## The input

= Beginning of Section =

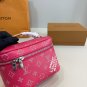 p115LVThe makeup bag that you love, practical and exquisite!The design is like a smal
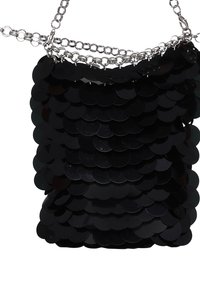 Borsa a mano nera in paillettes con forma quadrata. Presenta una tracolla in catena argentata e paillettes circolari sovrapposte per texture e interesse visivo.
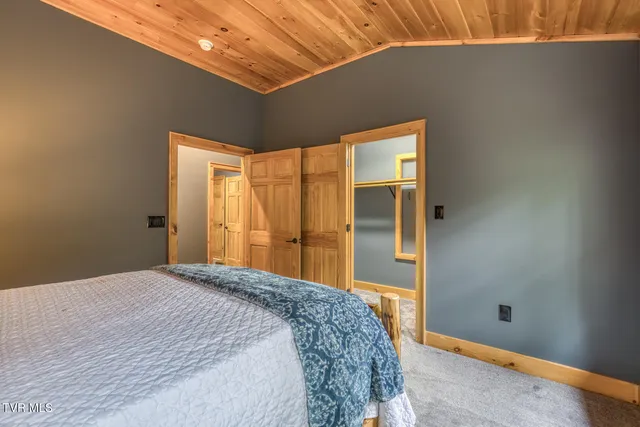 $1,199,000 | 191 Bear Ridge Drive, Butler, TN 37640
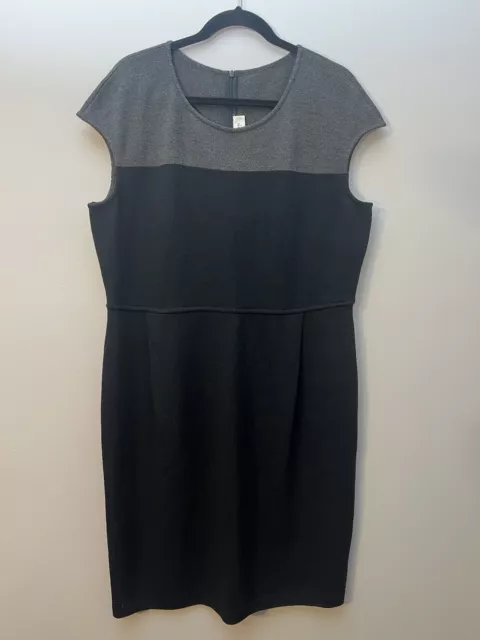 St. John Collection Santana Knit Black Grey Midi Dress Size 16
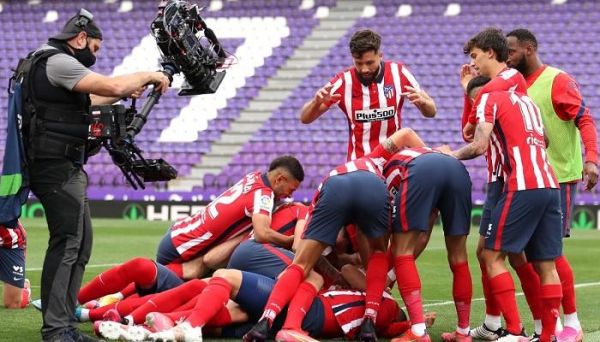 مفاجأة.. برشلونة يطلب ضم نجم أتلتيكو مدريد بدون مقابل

= End of Section =
= Beginning of Section =

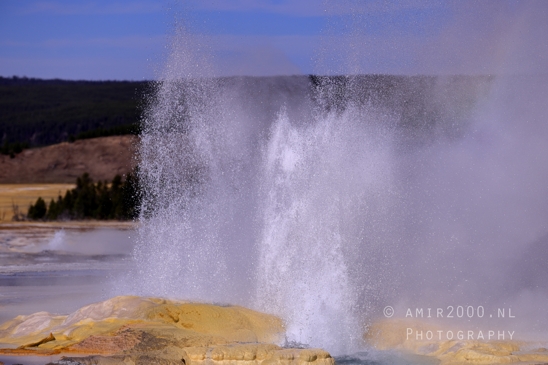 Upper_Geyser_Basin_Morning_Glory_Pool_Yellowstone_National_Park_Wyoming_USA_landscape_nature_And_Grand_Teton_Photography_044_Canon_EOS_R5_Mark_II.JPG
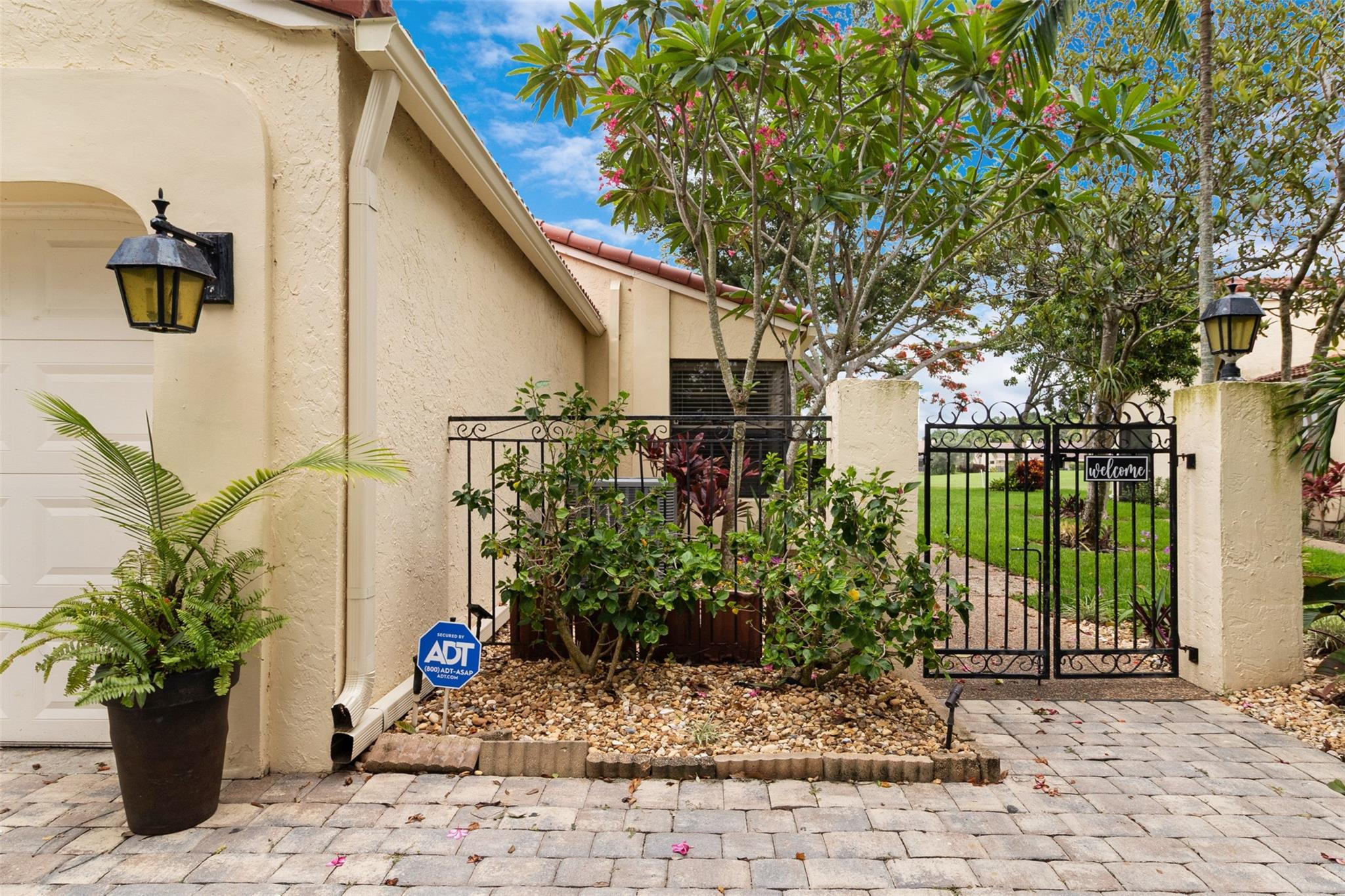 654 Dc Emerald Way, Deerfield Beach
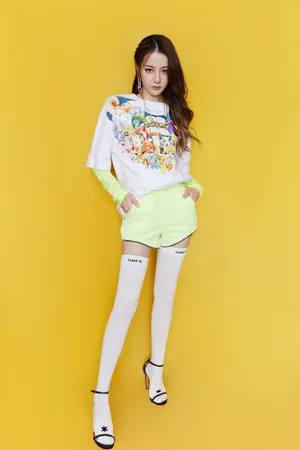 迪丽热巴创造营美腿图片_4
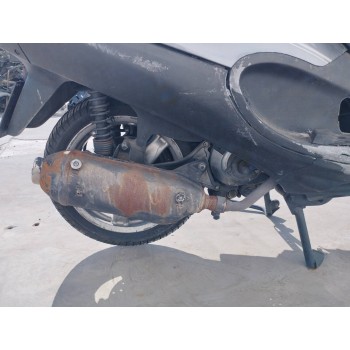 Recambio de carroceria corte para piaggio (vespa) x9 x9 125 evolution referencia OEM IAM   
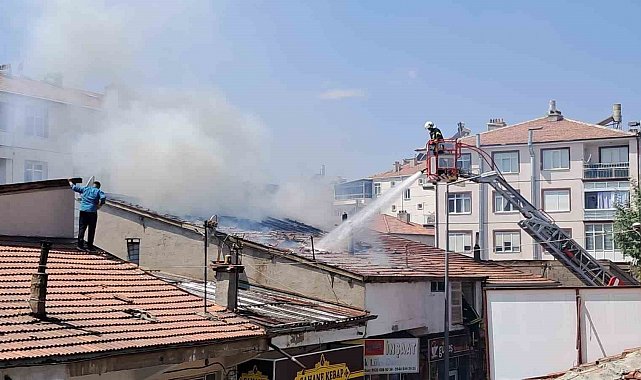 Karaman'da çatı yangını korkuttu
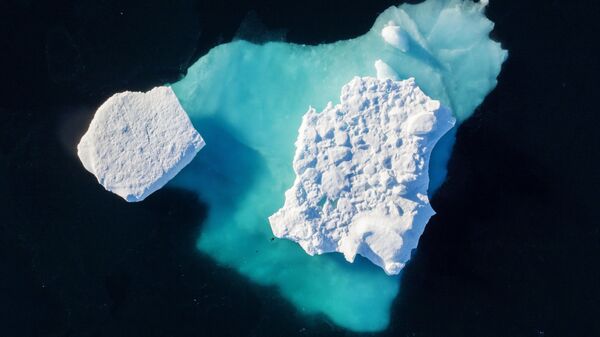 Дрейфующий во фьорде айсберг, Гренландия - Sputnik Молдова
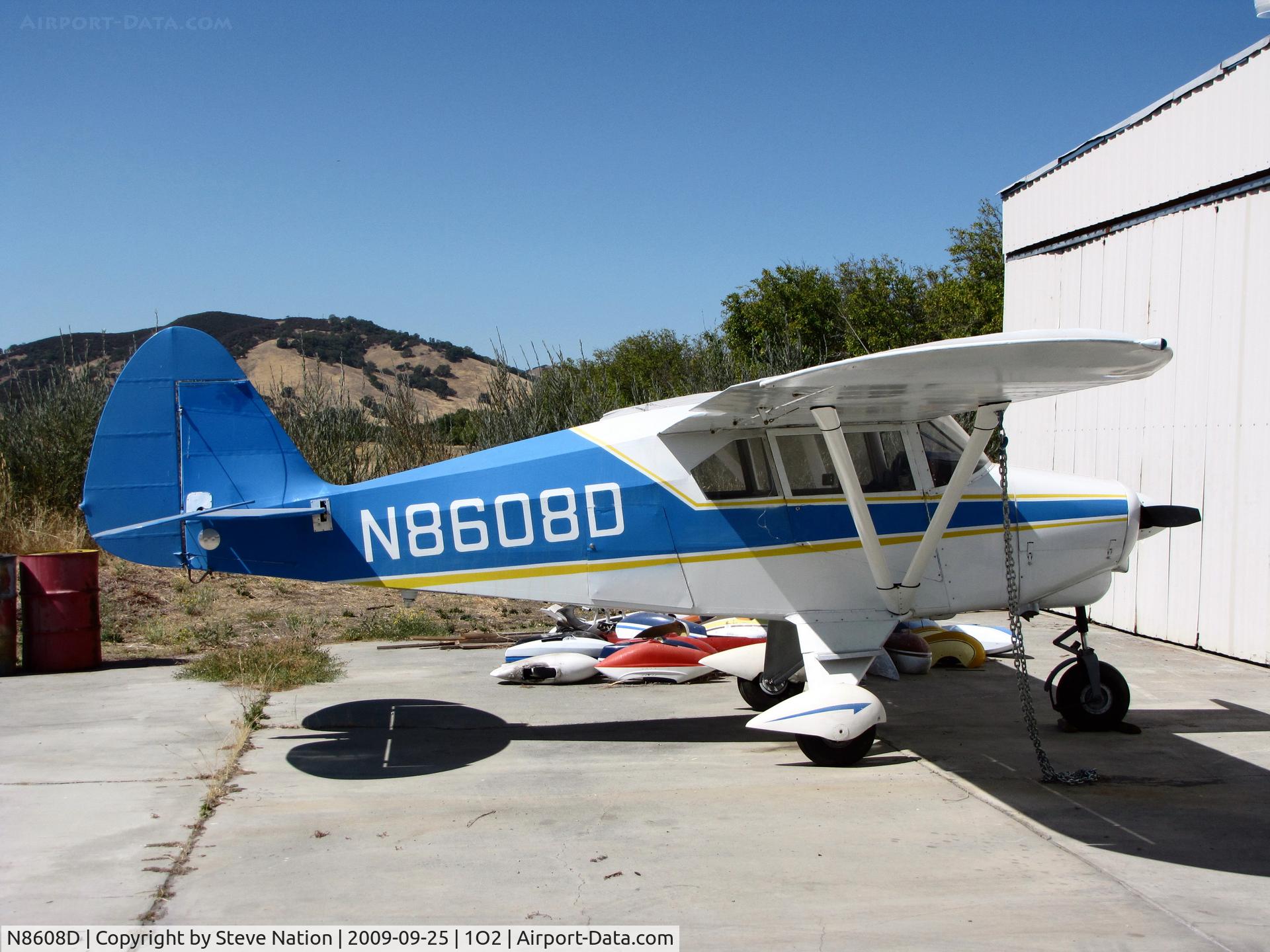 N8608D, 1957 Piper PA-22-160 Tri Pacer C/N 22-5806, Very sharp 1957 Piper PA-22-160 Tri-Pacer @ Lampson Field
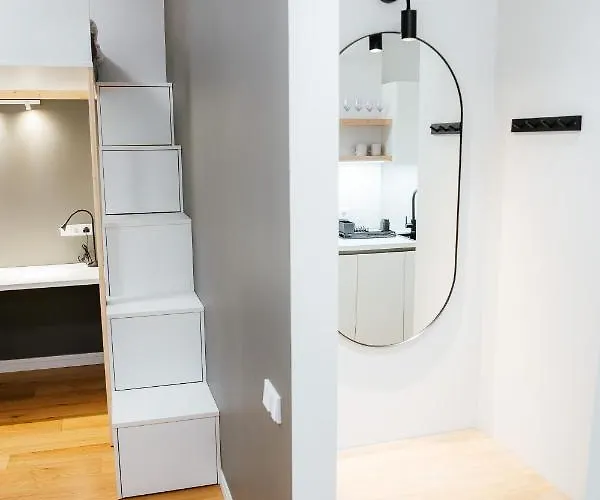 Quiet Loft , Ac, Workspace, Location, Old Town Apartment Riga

= End of Section =

## What is required
Keep to the stretch from the line containing "p115LVThe makeup bag" through the line containing "مفاجأة.. برشلونة يطلب", both ends included, and copy it exactly from the listing above, minus the pictures.

## Response to this task
 p115LVThe makeup bag that you love, practical and exquisite!The design is like a smal
 Borsa a mano nera in paillettes con forma quadrata. Presenta una tracolla in catena argentata e paillettes circolari sovrapposte per texture e interesse visivo.
 $1,199,000 | 191 Bear Ridge Drive, Butler, TN 37640
 St. John Collection Santana Knit Black Grey Midi Dress Size 16
 مفاجأة.. برشلونة يطلب ضم نجم أتلتيكو مدريد بدون مقابل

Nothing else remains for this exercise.